The hallway answer
A question asked in the hallway gets a careful non-answer: it depends. The same question asked with the file open gets a real answer, with reasons. The difference is not intelligence - it is context: who the parties are, what was actually signed, which jurisdiction governs, what has happened since.
The same is true of AI - and it is why so many firms are underwhelmed by it. A model without context answers like the hallway: fluent, general, and unaccountable to the facts of the matter. Fix the context and the same tool starts returning hours to fee earners, answers clients can rely on, and work partners can trace and stand behind. Most disappointment with legal AI is not a model failure. It is a context failure.
Prompting is context work done by hand
The first generation of legal AI use looks like this: open a chat window, paste in a clause, describe the background, ask the question, and repeat the ritual tomorrow. The lawyer is doing the context assembly by hand, one paste at a time, and the quality of the answer tracks the patience of the paster. That is senior time spent on transcription, not judgement - and it works in a demo, not across a caseload.
The future of legal AI is not better prompting. It is systems that already hold the context, structured and ready, so the question is the only thing you type.
What context means in legal work
Context in legal work is four layers, and a useful answer usually needs all of them.
- The matter. Parties, dates, deadlines, obligations, what has been agreed, what is in dispute. The living state of the case.
- The documents. The clauses as they actually read, in the version that actually governs - not as anyone remembers them.
- The law. Current, jurisdiction-correct, from sources with real authority.
- The firm's own knowledge. Playbooks, templates, positions taken before - the standards that keep advice consistent from one matter to the next.
A new associate is useful only once they hold all four. A machine is no different.

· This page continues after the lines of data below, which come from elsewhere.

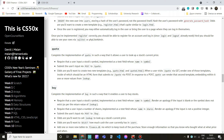Require that the user input a stock symbol, so we have a text field whose name is symbol. Submit the user's input via POST to quote, and you'll want to create two templates: quote.html and quoted.html. When a user visits quote via GET, render one of those templates, inside of which should be an HTML form that submits to quote via POST. In response to a POST, quote can render that second template embedding values from lookup.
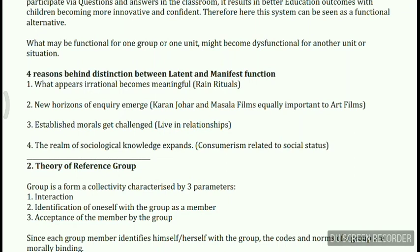Third, established morals get challenged. Live-in relationships appear immoral and challenge the institution of marriage, but if two people try out a live-in relationship instead of getting into a bad marriage, it actually decreases the chances of divorce. Divorce is a plain dysfunction to society, and its precursor is marriage, so by entering a live-in relationship we are actually reducing that dysfunction — that is the latent function live-in relationships provide.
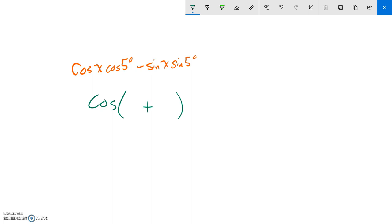And there's my first term, second term, first term, second term. So X plus 5 degrees. And there it is.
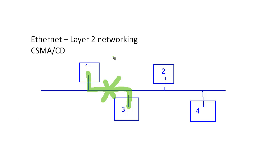And what would happen then is it would set a random timer for machine one and a random timer for machine three. And eventually they'd try to transmit that data again. So that was the beginning point for Ethernet.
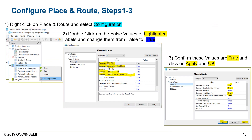After successfully synthesizing our design, we're ready to place and route. Right-click on Place and Route and set the configurations. For general selections, we should generate the SDF file, the constraint file of ports, the post-place file, and the simulation model file. To do that, double-click on the value to switch it from false to true, then click Apply and OK.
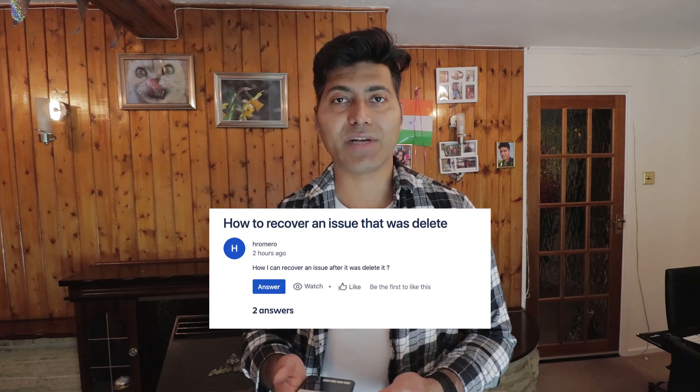The third question is about how to recover an issue that was deleted. This is a very common question in Jira. When you delete an issue, you have no way to recover it easily unless you have taken a backup. It is actually deleted forever, and there is no native feature in Jira — like a recycle bin or trash — from which you can retrieve deleted issues.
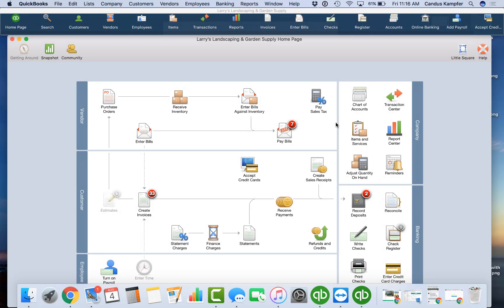Hey guys, it's Candice and in today's QuickBooks tips and tricks, we're going to talk about backing up your QuickBooks file for Mac.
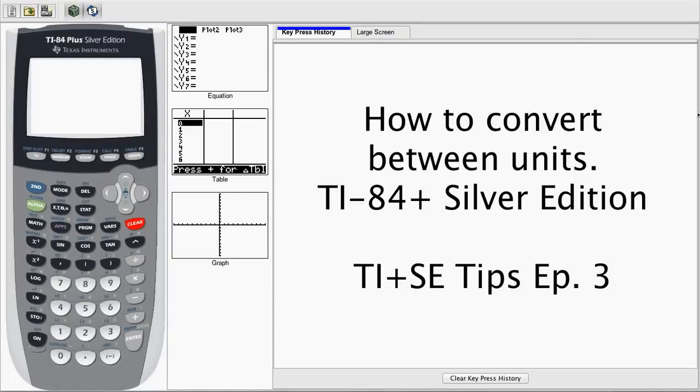Hello, this is Santi BM, and today on Tips and Tricks, we're going to demonstrate how to convert between different units.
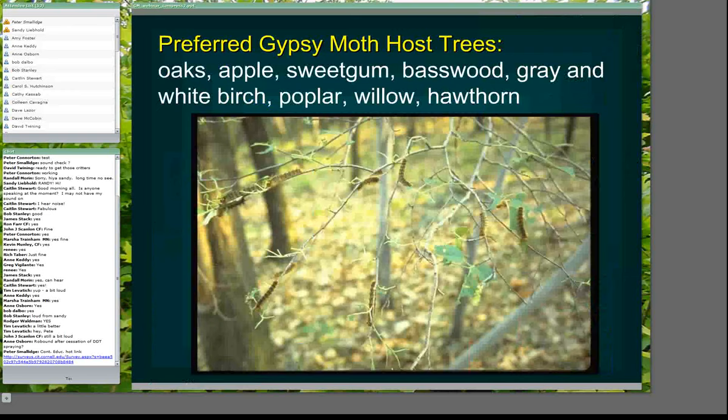In terms of gypsy moth hosts: gypsy moth larvae feed on foliage, and we refer to them as polyphagous, meaning they will feed on many different species of trees. Even though they are polyphagous, there are certain species that they prefer. In North America, oaks are by far the most common preferred species, but there are other species such as apple and aspen that gypsy moth larvae do quite well on. The very young larvae tend to be more picky than the older larvae — young larvae will pretty much only feed on preferred species like oak, whereas larger larvae can feed on a much wider variety.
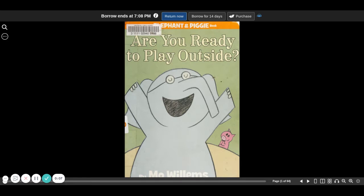Are you ready to play outside? An Elephant and Piggy book by Mo Willems.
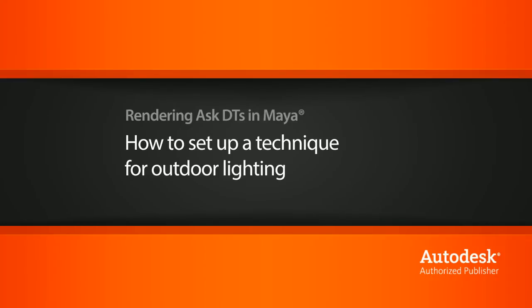In this video, we're going to look at a question from one of our users on how to set up some outdoor lighting.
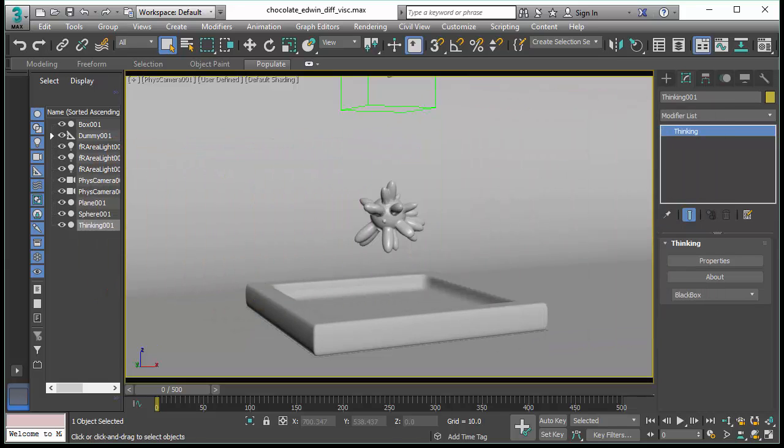Hello and welcome to Subscription Drop 4 of Thinking Particles. In this feature video we will talk about the enhancement we have done to the implicit surface operator in Thinking Particles.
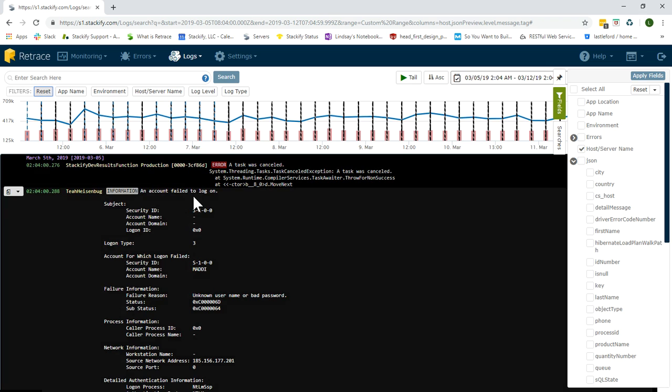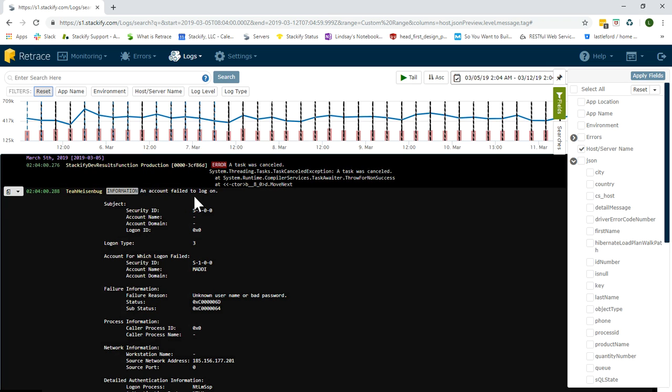One more helpful thing to know when considering filters and fields is that you can save your searches. A saved search applies all previously set filters and fields.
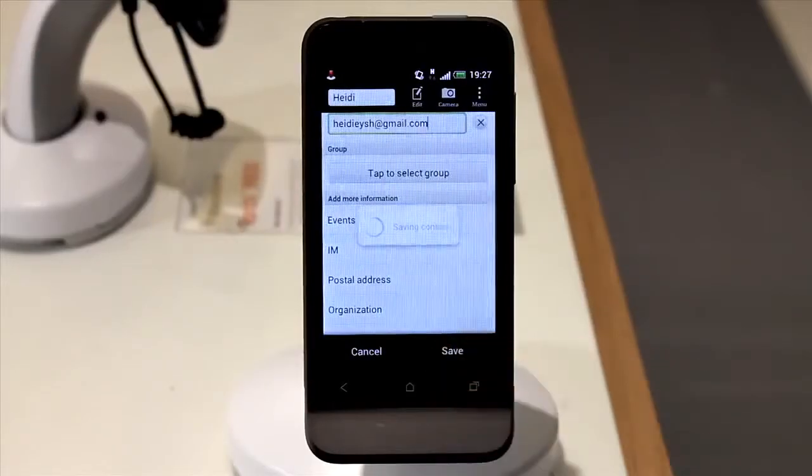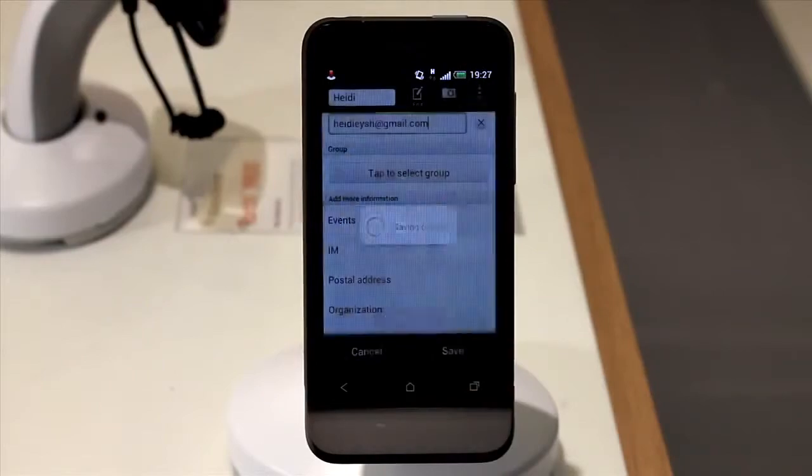Once done, tap Save at the bottom of the screen, and the contact will appear in your address book.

Hand it one layer and it will answer from one layer - confidently.
Context is engineered, not accumulated
More context is not automatically better context. Dumping an entire data room into a model does not produce a considered answer, any more than handing an associate forty binders produces one by morning. The real work is retrieving what actually bears on this question, weighing it the way a lawyer would - authority and recency, not just resemblance - and keeping the receipts so every claim can be traced back to the passage it stands on. The question for a firm is no longer 'how do we phrase the prompt'. It is 'does the system hold our context, and can it show us what it used'.
Consolidation is a context argument
This is also the honest case for one platform instead of many. When documents live in one tool, deadlines in a second, correspondence in a third, and the AI in a fourth, context is fragmented by architecture - and every handover between tools strips a little more of it away. No integration glue restores what the structure throws away.

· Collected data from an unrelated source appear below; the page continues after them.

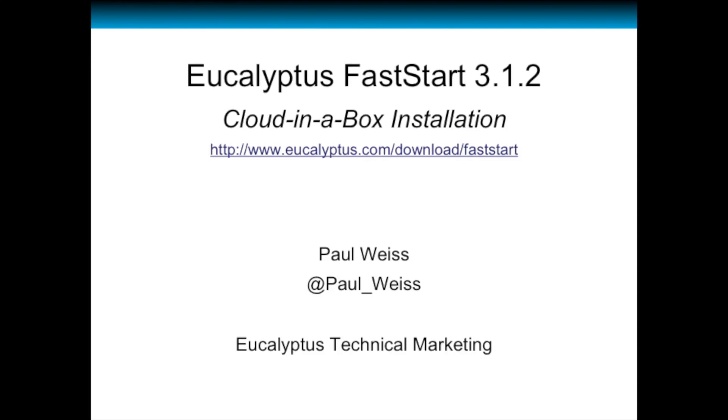Hello, my name is Paul Weiss and I'm with Eucalyptus Technical Marketing. In this video we'll demonstrate Eucalyptus FastStart 3.1.2 and we're going to be building a cloud in a box.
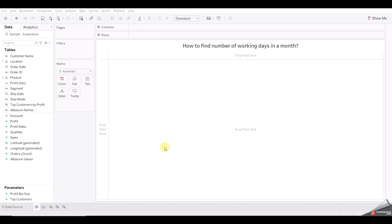Hello guys, welcome back to my YouTube channel. This is part three of Tableau scenario-based questions for product-based companies. Before starting this video, if you have not subscribed to the channel, hit the subscribe button and press the bell icon for upcoming and interesting videos. Without any further delay, let's move to the questions.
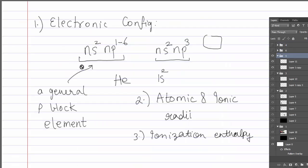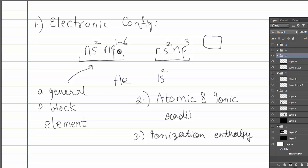For a general p-block element, the electronic configuration is ns2 np1–6. The outermost shell has s and p orbitals; the s orbital is completely filled with two electrons, while the p orbital can have one to six electrons. When there are exactly three electrons in the p orbital, the configuration is ns2 np3 — and this is the configuration of Group 15 elements. Note again that helium (1s2) is an exception but is still a p-block element.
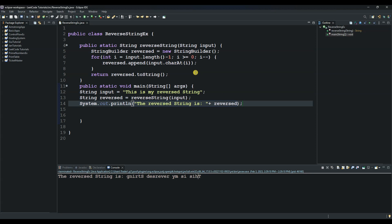And then next we used a for loop to iterate through the characters in the input string in reverse order. The loop starts at the last character in the string and goes all the way down to the first character at index zero.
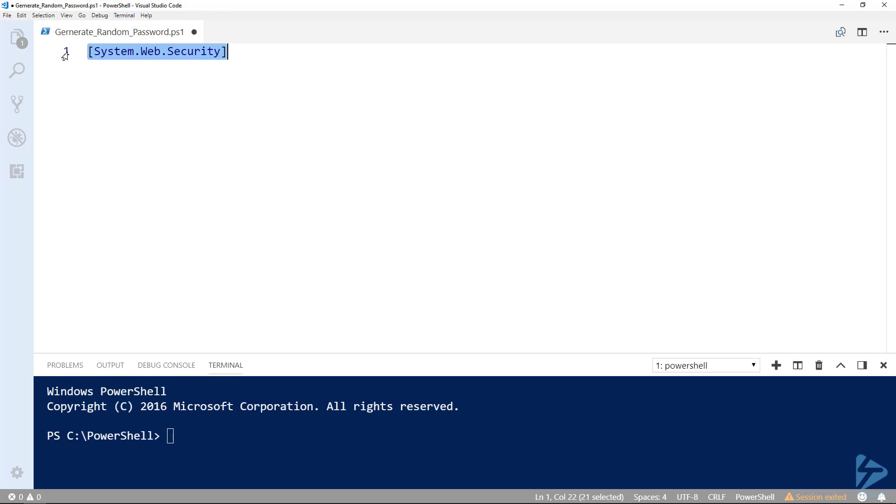Generating a secure password using Windows PowerShell can be done in a number of ways. One of the simplest is to call a .NET method.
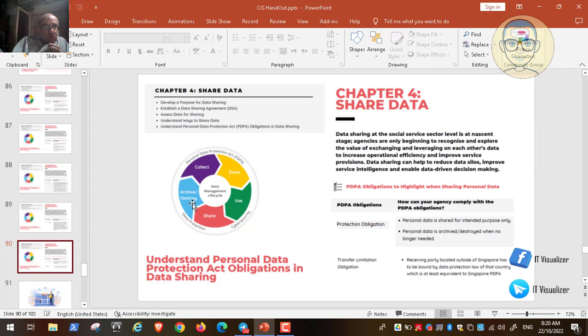I hope this video was useful. The upcoming video will discuss the last phase of the data lifecycle: archiving and retaining data, and then destroying data. Thank you so much, have a nice day.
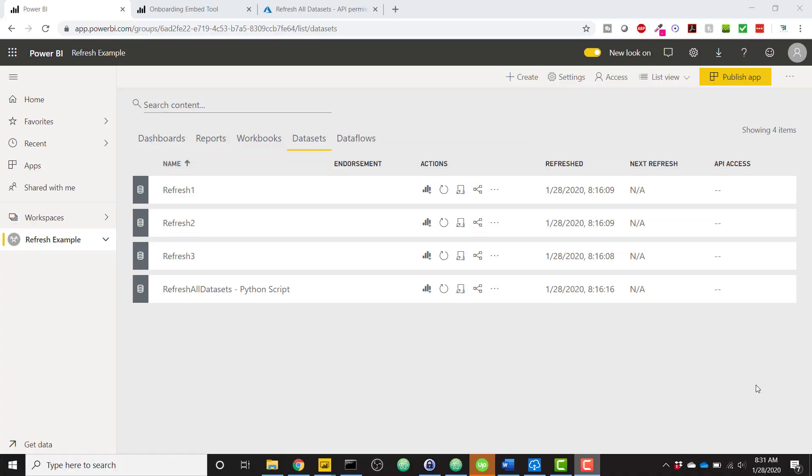What's up everybody, it's Parker with VI Elite. I have an awesome video today showing you how to refresh all of your Power BI data sets across all of your workspaces using a single button click.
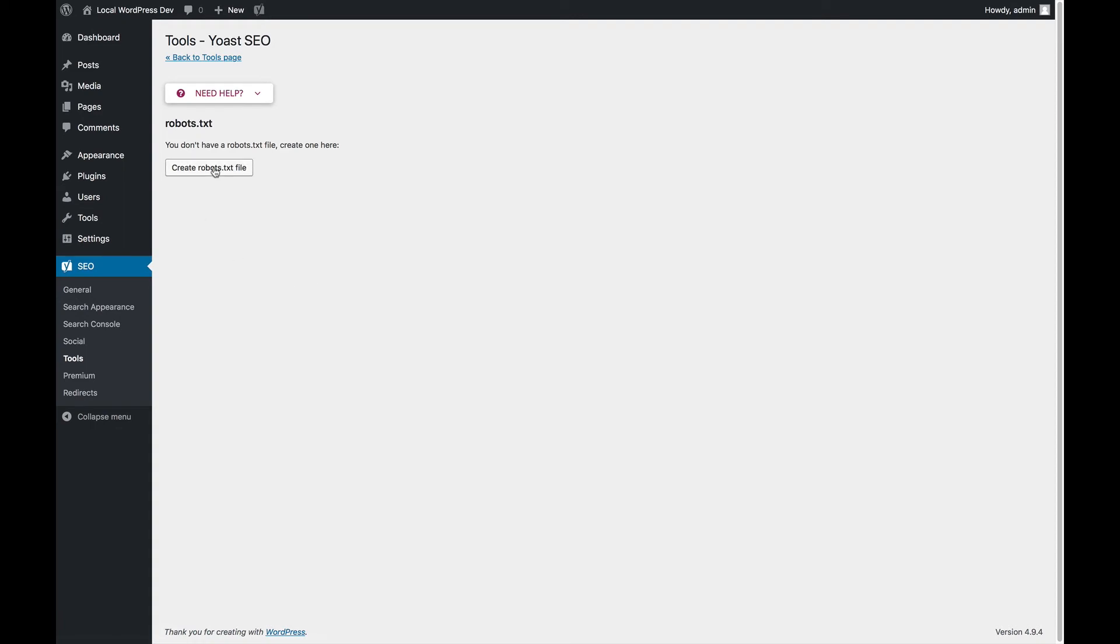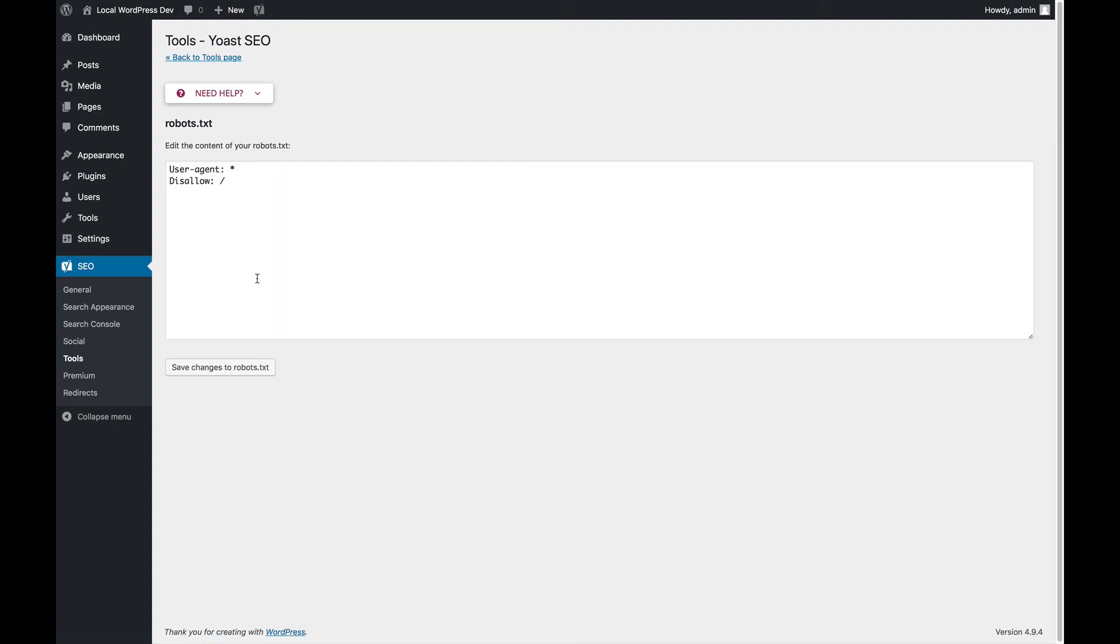The robots.txt editor can create a robots.txt file for you, because by default you don't have one in a normal WordPress install. And then you can make changes here. It's very simple.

When the matter, the documents, the law, and the firm's knowledge live under one roof, context compounds instead of fragmenting. Everything the platform holds is context the AI can draw on - without anyone pasting anything. That is what a matter in PONS is: not a folder, but structured context, ready for any question that comes next.
What changes in practice
Context makes the machine a better reader: it does the reading, assembles what bears on the question, and shows its work, so decisions land on evidence instead of memory - and nobody is carrying the file to the machine one paste at a time.
In legal work, an answer is only as good as the context behind it. The same is now true of the tools.